突然、目の前で起きた出来事に藤丸立香は自身のサーヴァントであるキャスター、ヴァン・ホーエンハイム・パラケルススに真顔で問う。パラケルススは少し考えた素振りを見せた後、素直に答えた。

「失敗しました」
「ですよね!!」

つい先程、魔術の師であり人類最後のもう一人のマスターでもあるみょうじなまえと廊下を並んで歩いていると、パラケルススに声をかけられた。いつも特異点の修復等で走り回っている二人の疲れを少しでもとるために、特製の栄養剤もとい霊薬を用意したという。前科がある為とても疑ったのだが、ちなみに霊薬はプリン味です、と言うパラケルススに疑いはどこへやら、飲みますとなまえは返事をし、立香は無理やり付き合わされることとなった。
パラケルススの部屋に着くなり小瓶を手渡される。プリンの味を再現する為になるべく様々なものはあえて抑えて調合したとパラケルスス。何を調合するのを抑えたのかと突っ込みたくなったが、立香はあえて口には出さなかった。
とにかく怪しい霊薬を前に立香は葛藤する。ここは師でもあるなまえとやはり相談をするべきかと視線を向けた刹那、ボンッという音とともに白い煙が立ち上った。えっ!? と驚くや否や、煙は消え、なまえが立っていた場所には幼い少女の姿。少女はぱちぱちと瞬き、きょとんとした色を浮かべて立香とパラケルススを交互に上目で見やる。じっと少女を見やり、もしかして……、と立香は思い当たる人物の名前を呼んだ。

「なまえ?」
「なに? りつか」

ちょいと首をかしげる仕草は、立香の知っているなまえに瓜二つだ。衣服ごと小さくなった師の姿に、妙に冷静になった立香はパラケルススに視線を戻して冒頭に戻る。

「りつか、なんかおおきくなった?」
「いや、なまえが小さくなったんだよ」

視線を下げてなまえは自身の姿を確認する。数秒後、再び顔をあげたかと思うと、マジデスカ、と口を大きく開け信じられないといった表情をしていた。

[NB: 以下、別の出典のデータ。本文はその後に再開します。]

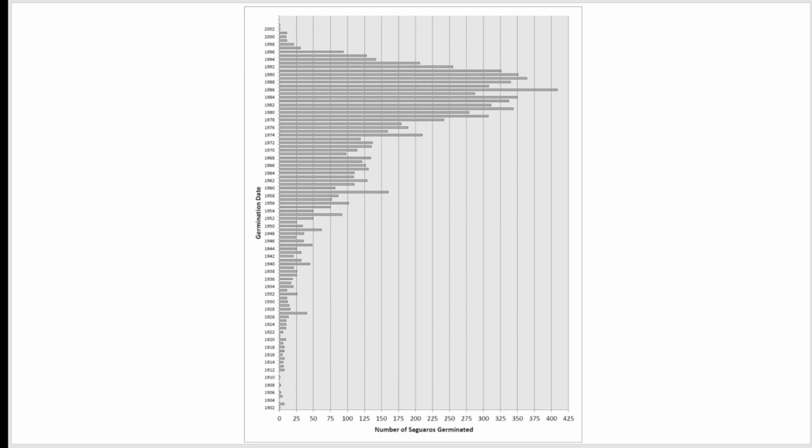One interesting result from the saguaro east section desert surveys is the estimated number of saguaros that germinated in a given year over the last 100 years. The vertical axis is the estimated germination date and the horizontal axis is the number of saguaros found. There was an explosion of germinations from the mid-70s to the early 90s.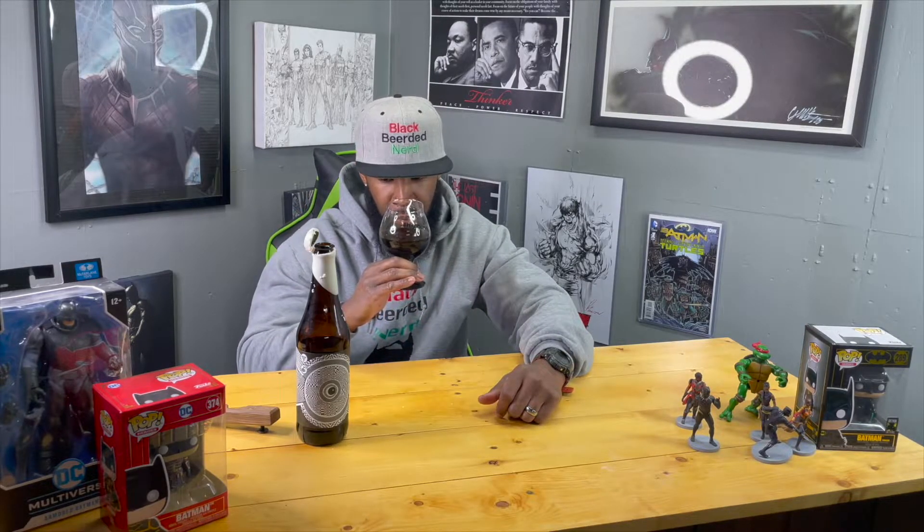Let me see what aromas and nose I get out of here. Barrel, pecan, vanilla — some sweet, sweet smell. That maple is in there and that cinnamon is definitely in there. I'm hoping the cinnamon is not too strong because I'm not really a cinnamon guy. Sometimes it'll overpower everything, so let's hope that's not what's happening here.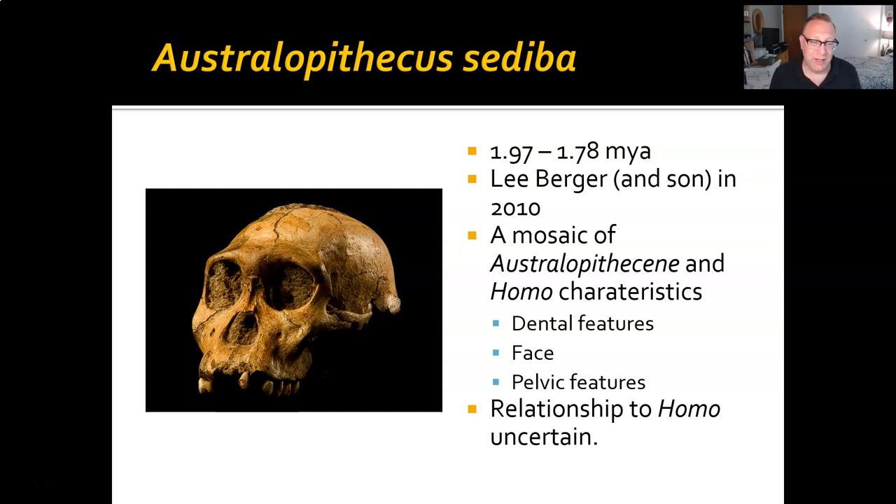Why is sediba important? It has a mosaic of not just australopith but also genus Homo characteristics — something we don't see in any of the other australopiths. Dental features are much closer to modern humans, the face size and shape is more like Homo, with much smaller zygomatic arches, and its pelvic features might indicate it is a little more like Homo than australopiths. Berger strongly leans toward a relationship with genus Homo; many scientists think probably not; some think it's just a regional variation of Australopithecus. But it raises the question: do the traits that make genus Homo all come together at once, or is it an intermingling of traits from closely related species that eventually solidifies into the first members of genus Homo?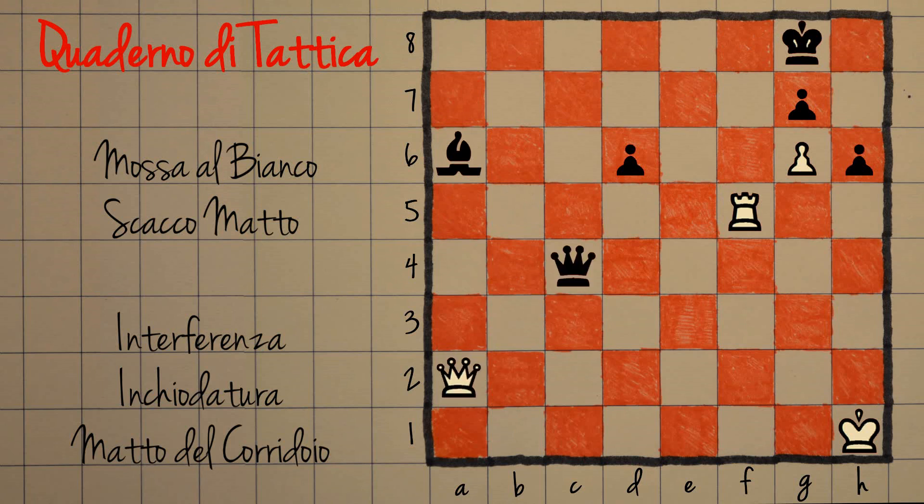Un'altra alternativa potrebbe essere quella di cercare di attaccare sulla colonna F, ad esempio donna F2. Si minaccia chiaramente matto su F8 perché c'è solo il re a difendere questa casa, però facilmente il nero aggiunge un altro difensore su F8 e non c'è scampo per il bianco: non ce la fa a dare matto.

「まさかこんなことになるとは……恐らくですが、今日一日、早くて半日ほどで自然に元に戻るかと。本当に、まったく。強い薬を調合したわけではありませんので」
「えらく強調したね。一応振りかなって思ったから聞くけど、本当に自然と元に戻るの?」
「はい……たぶん」
「だってさ、なまえ」
「"だってさ"――じゃないよね!? ていうかぱらけるすすさん、たぶんっていった!!」

何のことやら、とパラケルススはふいと顔をそむける。こんなのぜったいおかしいよ! となまえの抗議は続く。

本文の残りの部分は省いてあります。